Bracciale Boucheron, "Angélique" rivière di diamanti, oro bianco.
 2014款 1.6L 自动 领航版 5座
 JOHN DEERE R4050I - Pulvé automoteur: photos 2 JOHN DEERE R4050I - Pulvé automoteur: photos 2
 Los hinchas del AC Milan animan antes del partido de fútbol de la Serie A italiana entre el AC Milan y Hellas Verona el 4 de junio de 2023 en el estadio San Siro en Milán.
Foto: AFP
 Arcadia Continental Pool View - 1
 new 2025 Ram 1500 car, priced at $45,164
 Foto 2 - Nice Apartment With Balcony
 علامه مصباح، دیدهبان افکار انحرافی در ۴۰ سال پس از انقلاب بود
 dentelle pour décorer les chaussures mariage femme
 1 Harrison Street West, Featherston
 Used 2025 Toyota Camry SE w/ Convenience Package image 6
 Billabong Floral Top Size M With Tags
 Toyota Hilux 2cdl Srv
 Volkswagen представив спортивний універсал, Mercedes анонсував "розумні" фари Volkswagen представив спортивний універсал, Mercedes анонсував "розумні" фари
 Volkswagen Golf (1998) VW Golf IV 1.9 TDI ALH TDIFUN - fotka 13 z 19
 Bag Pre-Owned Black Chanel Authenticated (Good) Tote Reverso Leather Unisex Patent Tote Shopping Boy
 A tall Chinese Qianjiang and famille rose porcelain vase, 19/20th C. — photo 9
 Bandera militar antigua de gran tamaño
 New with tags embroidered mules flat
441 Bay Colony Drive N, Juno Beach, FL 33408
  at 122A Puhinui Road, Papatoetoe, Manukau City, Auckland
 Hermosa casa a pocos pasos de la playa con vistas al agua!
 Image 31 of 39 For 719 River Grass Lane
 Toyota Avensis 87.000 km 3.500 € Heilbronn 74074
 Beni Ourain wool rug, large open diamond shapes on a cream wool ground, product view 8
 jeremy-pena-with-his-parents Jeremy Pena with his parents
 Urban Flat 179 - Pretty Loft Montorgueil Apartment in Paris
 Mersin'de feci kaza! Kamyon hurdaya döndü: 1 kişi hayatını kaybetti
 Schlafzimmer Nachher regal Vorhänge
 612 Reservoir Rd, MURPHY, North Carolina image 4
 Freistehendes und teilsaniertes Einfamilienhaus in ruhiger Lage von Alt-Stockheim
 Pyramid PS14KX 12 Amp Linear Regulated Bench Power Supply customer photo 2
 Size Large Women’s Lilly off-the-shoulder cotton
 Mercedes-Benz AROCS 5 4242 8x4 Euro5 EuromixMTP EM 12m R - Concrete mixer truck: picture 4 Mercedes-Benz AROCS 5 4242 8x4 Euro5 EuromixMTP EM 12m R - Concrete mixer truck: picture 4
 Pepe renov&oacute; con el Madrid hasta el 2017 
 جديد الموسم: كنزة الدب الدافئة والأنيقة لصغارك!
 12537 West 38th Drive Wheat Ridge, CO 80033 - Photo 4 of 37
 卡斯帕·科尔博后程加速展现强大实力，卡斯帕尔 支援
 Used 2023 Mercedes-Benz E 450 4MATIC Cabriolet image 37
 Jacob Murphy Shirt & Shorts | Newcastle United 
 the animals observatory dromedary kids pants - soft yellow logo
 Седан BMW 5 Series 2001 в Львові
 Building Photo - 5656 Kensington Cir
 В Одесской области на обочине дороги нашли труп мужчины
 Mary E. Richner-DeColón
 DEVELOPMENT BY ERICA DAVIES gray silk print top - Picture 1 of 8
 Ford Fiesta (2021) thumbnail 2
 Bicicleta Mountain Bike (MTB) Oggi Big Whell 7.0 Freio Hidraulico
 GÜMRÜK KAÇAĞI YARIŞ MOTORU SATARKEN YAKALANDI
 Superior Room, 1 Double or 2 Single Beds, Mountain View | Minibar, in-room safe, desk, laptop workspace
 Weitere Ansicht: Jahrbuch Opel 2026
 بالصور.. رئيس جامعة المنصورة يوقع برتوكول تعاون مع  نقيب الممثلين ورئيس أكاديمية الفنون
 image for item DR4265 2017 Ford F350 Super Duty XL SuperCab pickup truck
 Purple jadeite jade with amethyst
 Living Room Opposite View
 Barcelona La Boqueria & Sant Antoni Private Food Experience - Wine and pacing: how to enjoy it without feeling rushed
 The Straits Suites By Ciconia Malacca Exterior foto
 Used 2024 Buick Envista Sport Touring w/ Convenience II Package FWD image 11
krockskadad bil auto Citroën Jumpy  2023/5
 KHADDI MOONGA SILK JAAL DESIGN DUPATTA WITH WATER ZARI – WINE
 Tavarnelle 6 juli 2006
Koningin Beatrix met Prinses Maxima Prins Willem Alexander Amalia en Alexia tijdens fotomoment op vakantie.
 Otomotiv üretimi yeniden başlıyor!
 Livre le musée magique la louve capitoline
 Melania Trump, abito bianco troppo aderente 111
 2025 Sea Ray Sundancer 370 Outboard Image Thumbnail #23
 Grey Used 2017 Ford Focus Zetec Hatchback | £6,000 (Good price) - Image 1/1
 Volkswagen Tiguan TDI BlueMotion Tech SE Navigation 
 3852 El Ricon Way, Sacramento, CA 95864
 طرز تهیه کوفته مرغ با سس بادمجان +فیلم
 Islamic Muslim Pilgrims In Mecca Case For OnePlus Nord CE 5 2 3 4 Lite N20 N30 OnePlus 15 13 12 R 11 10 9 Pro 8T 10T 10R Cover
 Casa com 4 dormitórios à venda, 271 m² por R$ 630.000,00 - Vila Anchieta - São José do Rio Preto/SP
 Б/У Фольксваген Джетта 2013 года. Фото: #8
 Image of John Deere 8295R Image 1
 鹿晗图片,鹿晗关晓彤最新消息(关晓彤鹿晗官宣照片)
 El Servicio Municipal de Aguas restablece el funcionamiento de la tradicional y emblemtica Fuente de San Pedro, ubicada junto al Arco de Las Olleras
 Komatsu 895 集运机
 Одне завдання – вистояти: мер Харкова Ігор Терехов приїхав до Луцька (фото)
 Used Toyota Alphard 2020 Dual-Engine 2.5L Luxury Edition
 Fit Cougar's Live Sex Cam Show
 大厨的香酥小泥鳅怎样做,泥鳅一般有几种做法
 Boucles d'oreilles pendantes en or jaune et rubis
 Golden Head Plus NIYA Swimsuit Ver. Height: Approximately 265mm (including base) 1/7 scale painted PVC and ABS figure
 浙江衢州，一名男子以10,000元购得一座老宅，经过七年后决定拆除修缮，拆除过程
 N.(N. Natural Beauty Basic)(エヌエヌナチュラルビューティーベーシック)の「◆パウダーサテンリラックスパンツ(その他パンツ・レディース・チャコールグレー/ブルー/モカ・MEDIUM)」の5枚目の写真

- **WORK TASK**: Among the entries above, find the line with "new 2025 Ram 1500 car, priced at $45,164" and the line with "Pepe renov&oacute; con"; give again exactly these two lines and all lines between them.

- **RESULT FOR THIS EXERCISE**:
 new 2025 Ram 1500 car, priced at $45,164
 Foto 2 - Nice Apartment With Balcony
 علامه مصباح، دیدهبان افکار انحرافی در ۴۰ سال پس از انقلاب بود
 dentelle pour décorer les chaussures mariage femme
 1 Harrison Street West, Featherston
 Used 2025 Toyota Camry SE w/ Convenience Package image 6
 Billabong Floral Top Size M With Tags
 Toyota Hilux 2cdl Srv
 Volkswagen представив спортивний універсал, Mercedes анонсував "розумні" фари Volkswagen представив спортивний універсал, Mercedes анонсував "розумні" фари
 Volkswagen Golf (1998) VW Golf IV 1.9 TDI ALH TDIFUN - fotka 13 z 19
 Bag Pre-Owned Black Chanel Authenticated (Good) Tote Reverso Leather Unisex Patent Tote Shopping Boy
 A tall Chinese Qianjiang and famille rose porcelain vase, 19/20th C. — photo 9
 Bandera militar antigua de gran tamaño
 New with tags embroidered mules flat
441 Bay Colony Drive N, Juno Beach, FL 33408
  at 122A Puhinui Road, Papatoetoe, Manukau City, Auckland
 Hermosa casa a pocos pasos de la playa con vistas al agua!
 Image 31 of 39 For 719 River Grass Lane
 Toyota Avensis 87.000 km 3.500 € Heilbronn 74074
 Beni Ourain wool rug, large open diamond shapes on a cream wool ground, product view 8
 jeremy-pena-with-his-parents Jeremy Pena with his parents
 Urban Flat 179 - Pretty Loft Montorgueil Apartment in Paris
 Mersin'de feci kaza! Kamyon hurdaya döndü: 1 kişi hayatını kaybetti
 Schlafzimmer Nachher regal Vorhänge
 612 Reservoir Rd, MURPHY, North Carolina image 4
 Freistehendes und teilsaniertes Einfamilienhaus in ruhiger Lage von Alt-Stockheim
 Pyramid PS14KX 12 Amp Linear Regulated Bench Power Supply customer photo 2
 Size Large Women’s Lilly off-the-shoulder cotton
 Mercedes-Benz AROCS 5 4242 8x4 Euro5 EuromixMTP EM 12m R - Concrete mixer truck: picture 4 Mercedes-Benz AROCS 5 4242 8x4 Euro5 EuromixMTP EM 12m R - Concrete mixer truck: picture 4
 Pepe renov&oacute; con el Madrid hasta el 2017 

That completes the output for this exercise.